4.) True beauty had laid underneath that sulking willow; down the walking path, through the five mile, and just past the cross ridge where they had spent so many walks together was the only stretch where it could have happened. Six months had passed and the only thing detective Brady had found left of his fiancé was a half sunken beer can in the marsh and a filthy teddy bear, a decorative red ribbon still tied in a bow around its neck.
I’ve actually had this idea in my head for a while. It’s about a detective that can’t solve the disappearance of his own fiancé. This could be a mix of romance, suspense, mystery, and whatever you find necessary. The possibilities are endless.
5.) “You’re telling me after everything that’s happened and after everything we’ve been through, the world is going to end because of a damn ice cream cone?”
‘Why?’ you may ask, well, because how in the hell would YOU explain to your readers a tangible way that a delicious frozen treat sat atop a wafer cone is the cause of humanity’s demise.
6.) She disappeared into the cabin, the four men still ensuing. Dawn approached, fumes of fuel filled the air, and the sulfur head of the match glided forward. Jake bolted upright in a panicked yell. He was drenched, yet again, in sweat.
Clairvoyant perhaps or maybe a young man connected to another reality. Either way, there’s more room for setup in this prompt. You could wait until the end of the book to explain the cabin, girl, the goons, and the fire if you’d like. Or you could explain it within the first chapter. There’s plenty of room for a good buildup as well as open creativity in this one.
7.) ‘By the time Twig was done explaining his near science fiction inventions, I knew this wasn’t a dream. He knew things about engineering that most scientists had only dreamed of discovering, or perhaps he was rediscovering them for himself. After all, I doubt anyone will have much use for history books after the bombs fell. ‘
This was another ‘what if’ scenario. What if the world ended and the protagonist was frozen, cocooned, or even resurrected from the past and had to adapt to a new world? The possibility for a new life scenario as well as character development is really easy in this one.

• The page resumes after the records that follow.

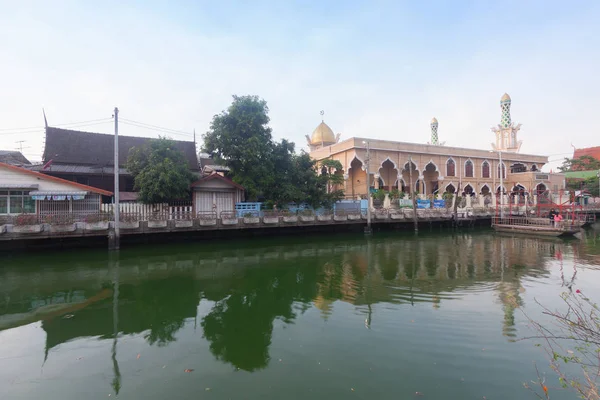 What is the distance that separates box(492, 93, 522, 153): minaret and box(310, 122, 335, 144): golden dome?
2185 centimetres

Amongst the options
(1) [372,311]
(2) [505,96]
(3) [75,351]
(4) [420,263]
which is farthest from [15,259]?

8.) The place was quiet, calm, and black. All of this would soon be dissipated by an orchestra of shrieking machinery.
On a personal note, I’ve worked in several different factories and all had a variety of machinery that never stopped. Now, let’s say the setting of a story was here. Think of the possibilities for the elements of machinery alone. When I used to work in these extremely mundane places, I’d play a game in my head having to do with zombies. I honestly think if a zombie apocalypse was inevitable, I’d survive well in a factory for the simple fact that there are thousands of ways to evade, trap, or otherwise ‘take care of’ any flesh eaters coming my way.

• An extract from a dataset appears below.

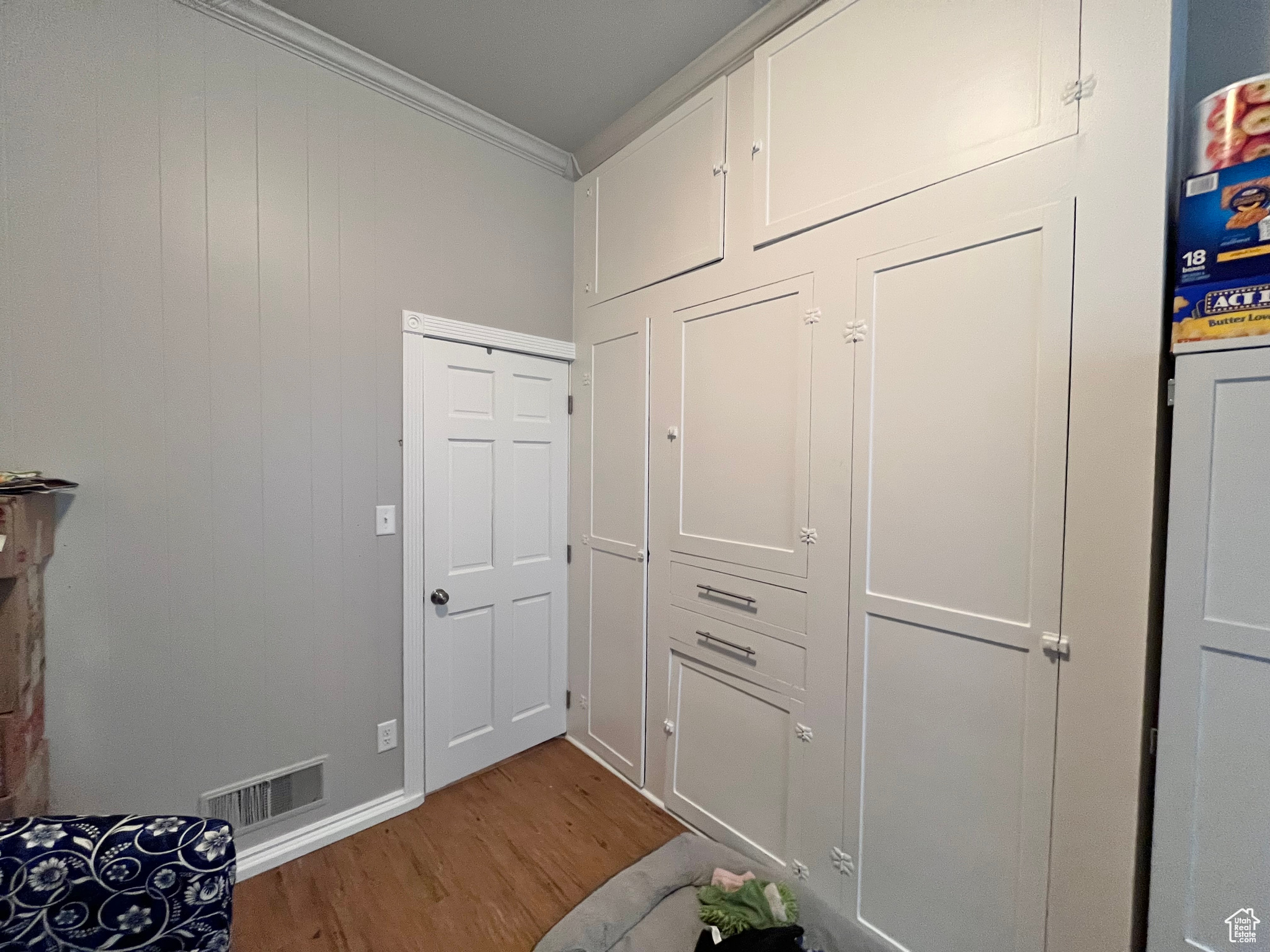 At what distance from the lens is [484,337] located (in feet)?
7.20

9.) Her lips had been cold just like the rest of her body, and he watched as she sheepishly slipped back in to the dark.
This could be due to inclement weather or the fact that this man has fallen in love with a ghost. Either way, if ghosts can communicate this well with people, imagine what other mysteries are out there in this universe.

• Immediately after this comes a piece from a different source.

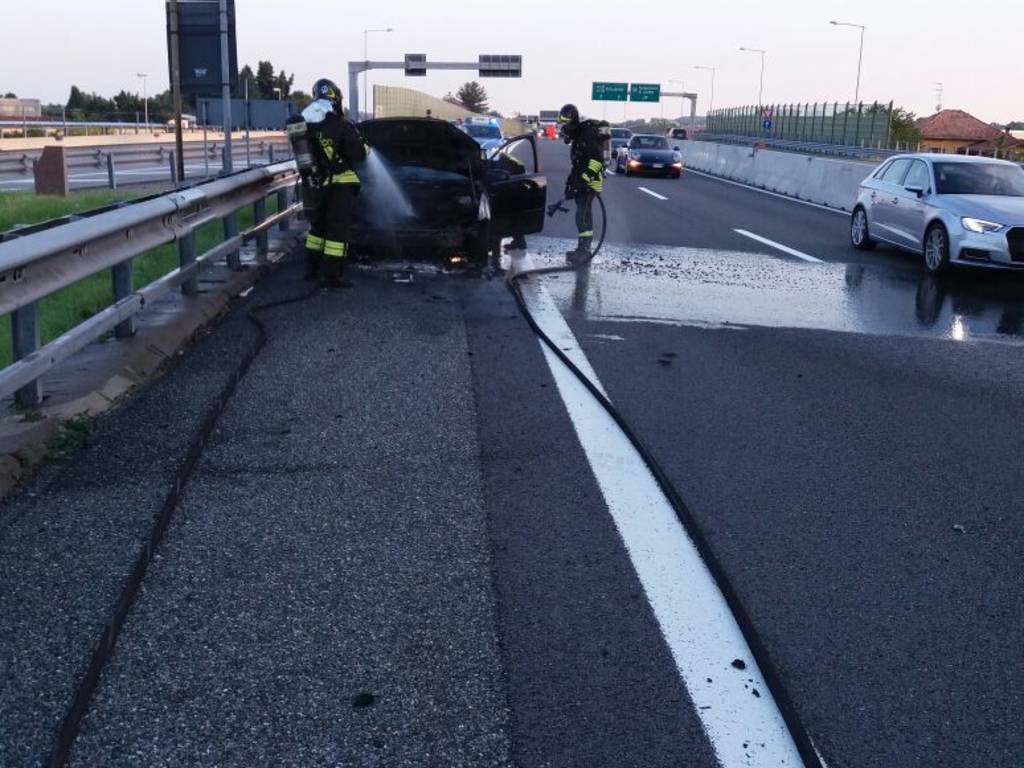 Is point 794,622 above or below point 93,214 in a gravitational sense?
below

10.) “Jimmy, you can’t let this stop you from living your life,” Tabatha said, peering from the young man in full dress to the boy who lay still in the casket.
This is another idea where the morbid nature of the material needs to be overlooked for the sake of the story. In my mind, this is a young man who’s lost a young person that he’s possibly influenced and vested quite a bit of time into. Is he vengeful? Is he going to be suffering through this while completing a great task? Perhaps this is just the beginning of an amazing journey that compels him to something beyond any reason or thought he could have possessed otherwise. This may be the end for our hero’s companion, but the hero’s journey is just getting started.